By most accounts, the only real question ahead of Turkey’s presidential runoff this weekend is: by how much?
It seems all but certain that incumbent president Recep Tayyip Erdogan will defeat challenger Kemal Kilicdaroglu, a technocrat who has cast himself as a moderate alternative to Erdogan’s unique brand of Islamist-inspired populist nationalism.
In the first round, on May 14, Erdogan bucked polling expectations by taking 49% of the vote to Kilicdaroglu’s 45%, while his ruling AK Party also outperformed, winning a majority in parliament. Since then things have only gotten rosier: the third-place finisher, ultranationalist Sinan Ogan, has endorsed him, while Kilicdaroglu’s campaign has floundered.

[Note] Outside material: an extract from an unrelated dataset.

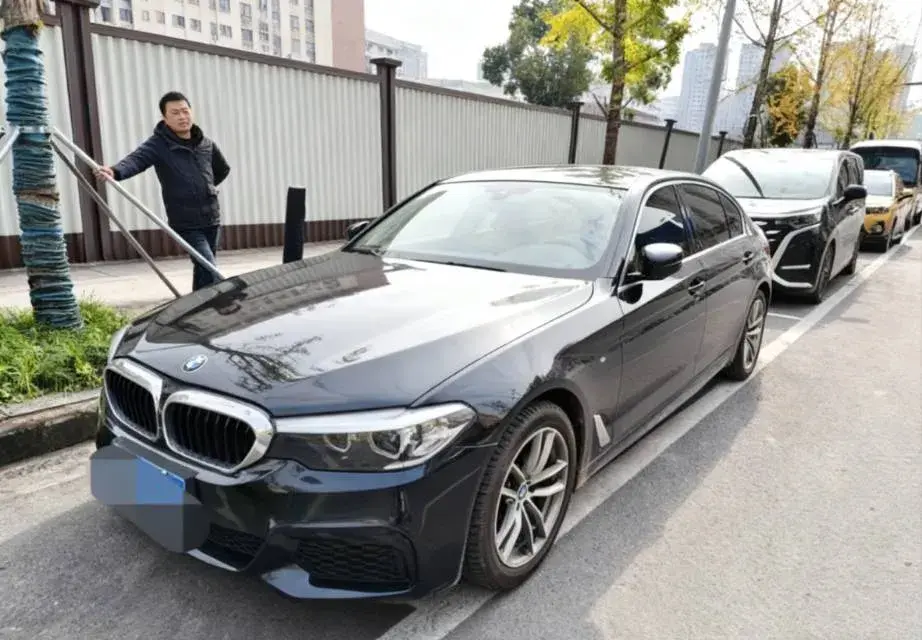 2020 BMW 5 view 1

A strong mandate will almost certainly embolden Erdogan to double down on policies that many critics thought would doom him: suppressing interest rates in order to combat inflation, cracking down on opponents and the media, driving hard bargains with the EU over migrants, and infuriating his NATO allies by keeping cozy with Vladimir Putin.

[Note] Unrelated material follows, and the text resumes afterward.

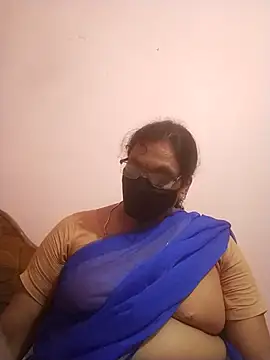 sarala_telugu live cam on StripChat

But as the election results show, Erdogan – for all his eccentric ideas, authoritarian inklings, and economic mismanagement – is genuinely popular even in a deeply divided society. Having overcome the most significant electoral challenge he has faced during his 20 years on the national stage, the wily Erdogan will be vindicated. He is unlikely to change his stripes now.